More formally, the conditions above are known as the monoid laws and data that obey it is said to "form a monoid". We can exploit monoidal data structures to perform extremely efficient incremental reduction. If you're using Hadoop, you can get in on the fun with Twitter's Algebird library. If you're using Apache Spark its even easier.

A number of datatypes are known to obey the monoid laws:

  • Integers (with addition as the combiner, and zero as the identity)
  • Strings (with concatenation as the combiner, and the empty string as the identity)
  • Sets (set union as the combiner, empty sets as the identity)
  • HyperLogLog (hyperloglog union, empty hyperloglog as identity)
  • BloomFilters (union and empty as identity)
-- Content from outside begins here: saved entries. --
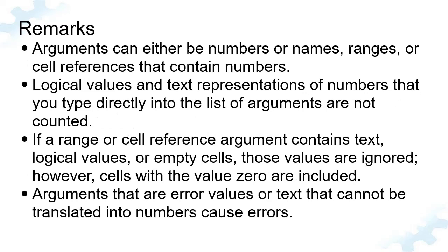These are the lists that you should take note when working with the Average function. Arguments can either be numbers or names, ranges, or cell references that contain numbers.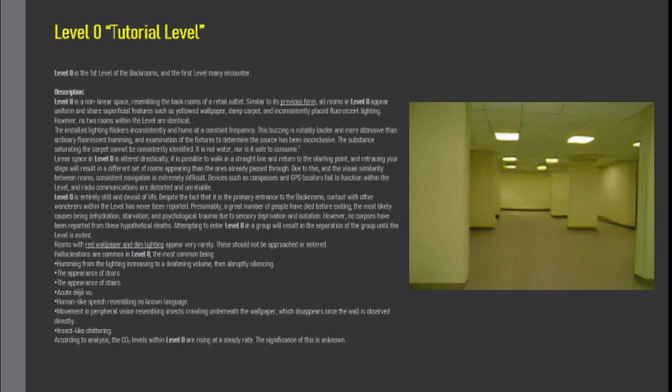Attempting to enter Level 0 in a group will result in the separation of the group until the level is exited. Rooms with red wallpaper and dim lighting appear very rarely. These should not be approached or entered. Hallucinations are common in Level 0, the most common being: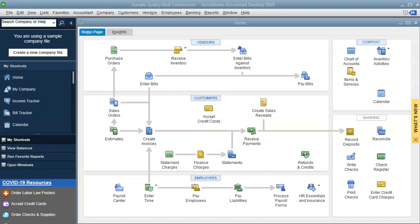Hello everyone, this is Liz with Easy QuickBooks Training. In today's video I'm going to go over backup versus portable file in QuickBooks Desktop. So let's get started.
The last two are really interesting. They fall under the category of "probablistic data structures" which allow you to trade some degree of accuracy in order to save alot of space and time.
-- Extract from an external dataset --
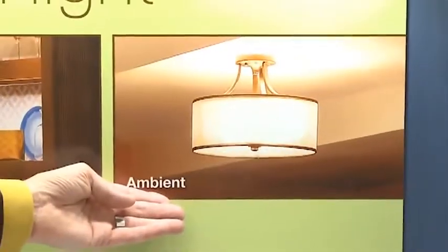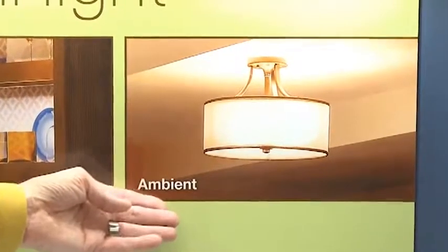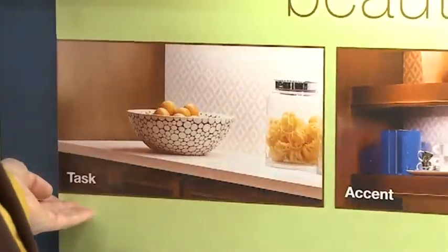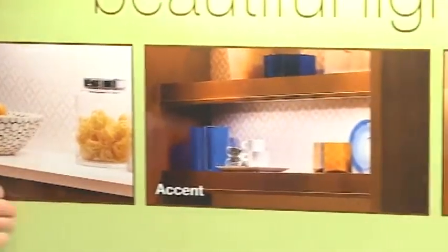So tell us about light layering — it's big here at Kichler. Absolutely. It's actually a very simple concept to light almost every room in the house. Just think of it in three different steps: an ambient layer, a task layer, and an accent layer. So let me explain each of those layers so that it's easy for you to apply them to any room.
  • Hyperloglog provides approximate measurements of set cardinality, the number of distinct items in a collection.
  • BloomFilters are a data structure that allow you to query for "probable" set membership. You can put items in, and then later query to find out if an item is "probably" already in the set. However, you cannot enumerate the items that have already been "added" to the BloomFilter.

These are extremely useful features because they allow you to summarize vast amounts of data into buckets that consume very limited amounts of storage space. You can then query to see how big they are or find out if particular items are "probably" inside.
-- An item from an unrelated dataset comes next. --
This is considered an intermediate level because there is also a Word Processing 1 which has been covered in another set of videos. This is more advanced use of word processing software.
But the best part is that because of the monoid laws, you no longer have the restrictions where all the values for some key must be grouped together to build your data structures. Instead the probablistic data sets can be build up incrementally, because intermediate results can be combined at any point.

Furthermore, because of the associative property, they can be combined in whatever order they naturally occur in your data, since the ordering doesn't matter.

@bbejeck provides a nice example of how to use Spark's aggregateByKey to find unique values per key, which exploits the monoidal structure of sets. Below, I've adapted his example to build HyperLogLog structures instead.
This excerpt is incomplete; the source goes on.